Das Berufungsgericht hat Beweis erhoben durch Vernehmung der Zeugen E., F. und G. (geb. T.). Wegen des Ergebnisses der Beweisaufnahme wird auf das Sitzungsprotokoll vom 27. Februar 2019 verwiesen. Hinsichtlich der weiteren Einzelheiten des Sach- und Streitstandes wird auf die Schriftsätze der Parteien nebst Anlagen sowie auf den gesamten Akteninhalt Bezug genommen.

Entscheidungsgründe

Die gemäß § 64 Abs. 1 und 2 Buchst. b ArbGG statthafte Berufung der Beklagten ist zulässig. Sie ist insbesondere form- sowie fristgerecht eingelegt und begründet worden (§§ 66 Abs. 1, 64 Abs. 6 ArbGG i.V.m. 519, 520 ZPO).

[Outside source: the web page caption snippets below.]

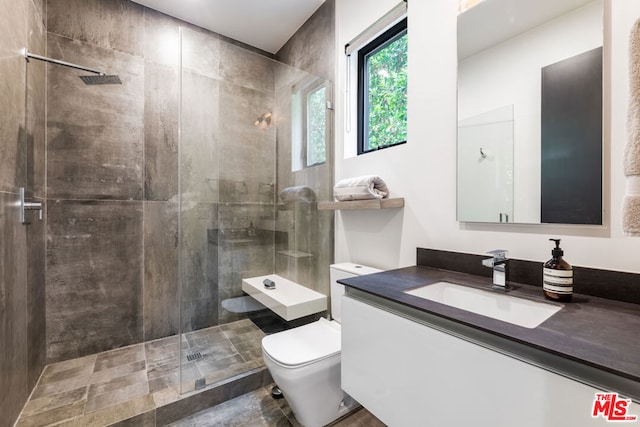 bathroom featuring vanity, tiled shower, and toilet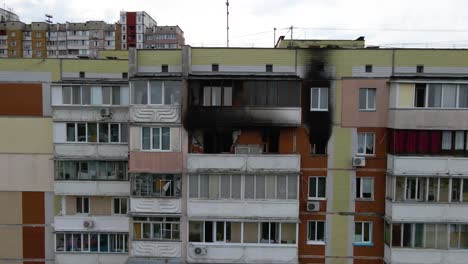 drone shot away from a old building, with burnt apartments, in a poor poverty area of kyiv, overcast day, in kiev, ukraine - pull back, aerial view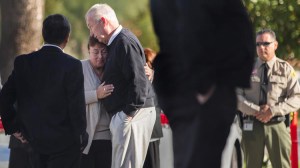 Family members console each other at the funeral for Damian Meins, who was killed in the San Bernardino shooting rampage, at St. Catherine of Alexandria Church in Riverside. (Credit: Gina Ferazzi/Los Angeles Times)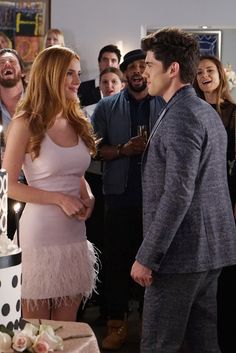 a man standing next to a woman in front of a cake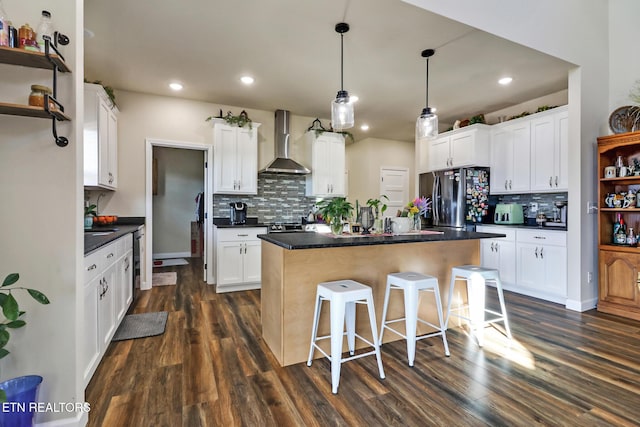 kitchen with stainless steel fridge, white cabinets, and wall chimney range hood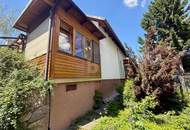SCHNUCKELIGES EINFAMILIENHAUS IN GRÜNER OASE MIT KELLER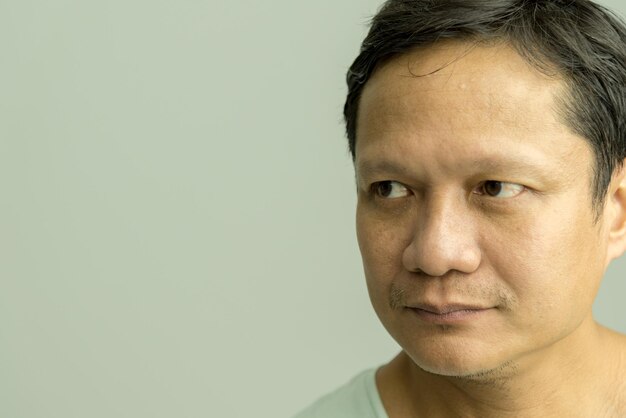 Close-up of man looking away against gray background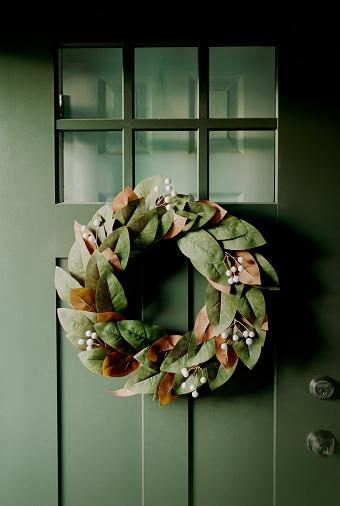 A faux magnolia wreath hangs on a hunter green painted craftsman style front door with front door opened to interior.
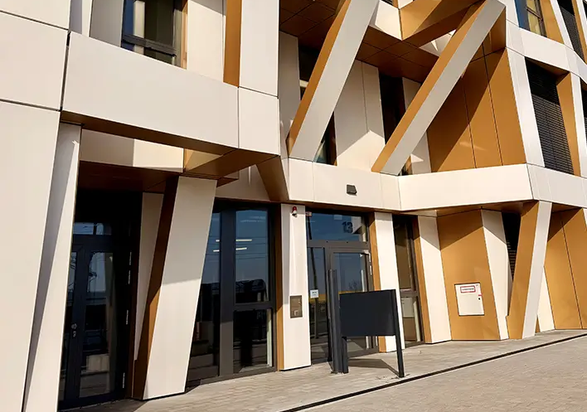 Detailansicht des Eingangsbereichs der Brainfactory Bochum mit markanter Fassadenstruktur, schrägen Stützelementen und moderner Architektur in Weiß- und Goldtönen.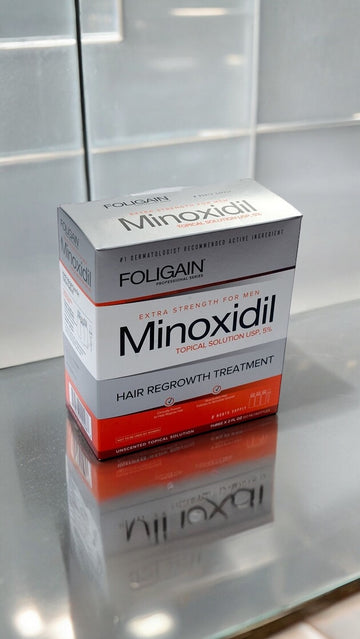 علبة محلول مينوكسيديل FOLIGAIN الموضعي بتركيز 5% على سطح عاكس.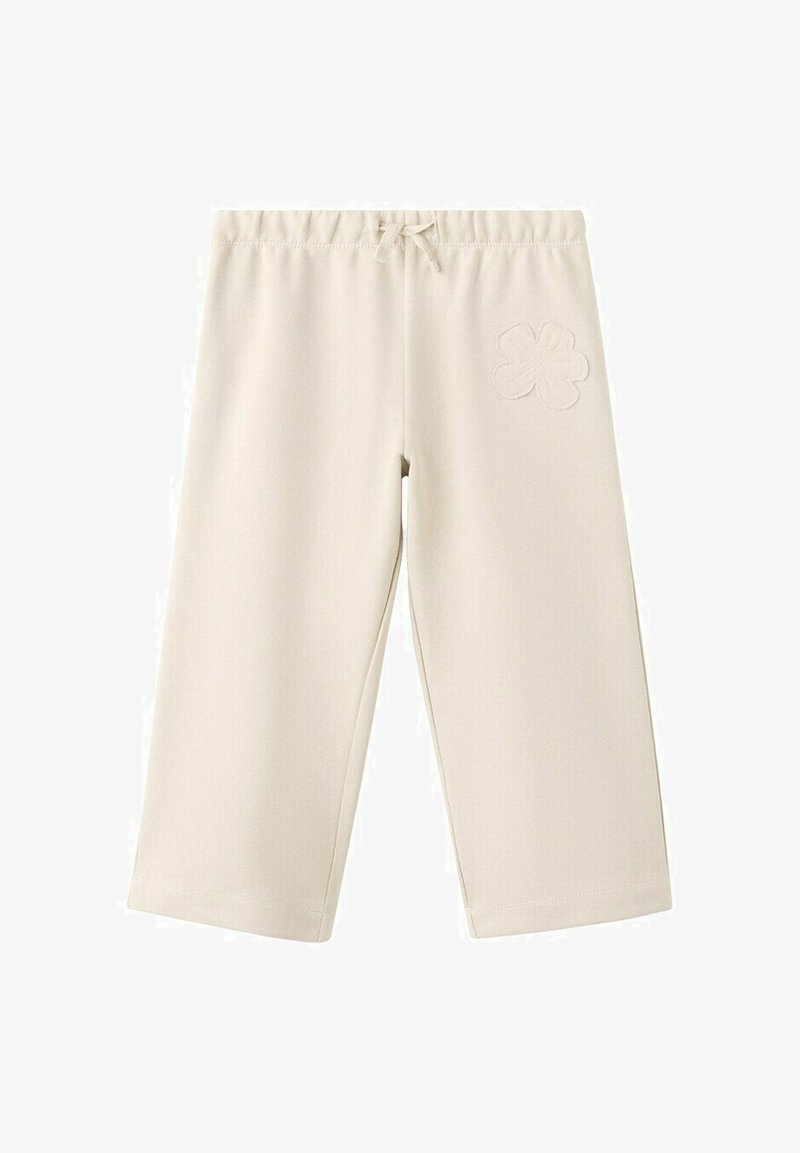 Široke hlače krem barve z elastičnim pasom, vrvico in našitkom v obliki cvetlice na zgornjem desnem stegnu.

Die Berufung der Beklagten hat aber in der Sache keinen Erfolg. Das Arbeitsgericht hat zu Recht der Klage stattgegeben. Der Kläger hat gemäß § 7 Abs. 4 BUrlG Anspruch auf Abgeltung von 16 Urlaubstagen aus dem Jahr 2016 i.H.v. 1.934,88 EUR brutto.

Dem Kläger stand zum Zeitpunkt des Ausspruchs der Eigenkündigung am 15. Dezember 2016 unstreitig noch ein restlicher Anspruch auf Urlaub von 16 Arbeitstagen aus dem Jahr 2016 zu. Die Beklagte hat diesen Resturlaubsanspruch mit ihrem Freistellungsschreiben vom 15. Dezember 2016 nicht i.S.v. § 362 Abs. 1 BGB erfüllt. Im Streitfall lässt sich nicht zur Überzeugung des Berufungsgerichts feststellen, dass die Beklagte den Resturlaub mündlich gewährt bzw. den Kläger gemäß ihrer Darstellung aufgefordert hat, den Resturlaub in der Zeit bis zur Beendigung des Arbeitsverhältnisses zu nehmen, womit dieser einverstanden gewesen sei. Gemäß der zutreffenden Annahme des Arbeitsgerichts war der Resturlaub bei Beendigung des Arbeitsverhältnisses am 15. Januar 2017 noch nicht erfüllt und auch nicht erloschen, so dass er gemäß § 7 Abs. 4 BUrlG abzugelten ist.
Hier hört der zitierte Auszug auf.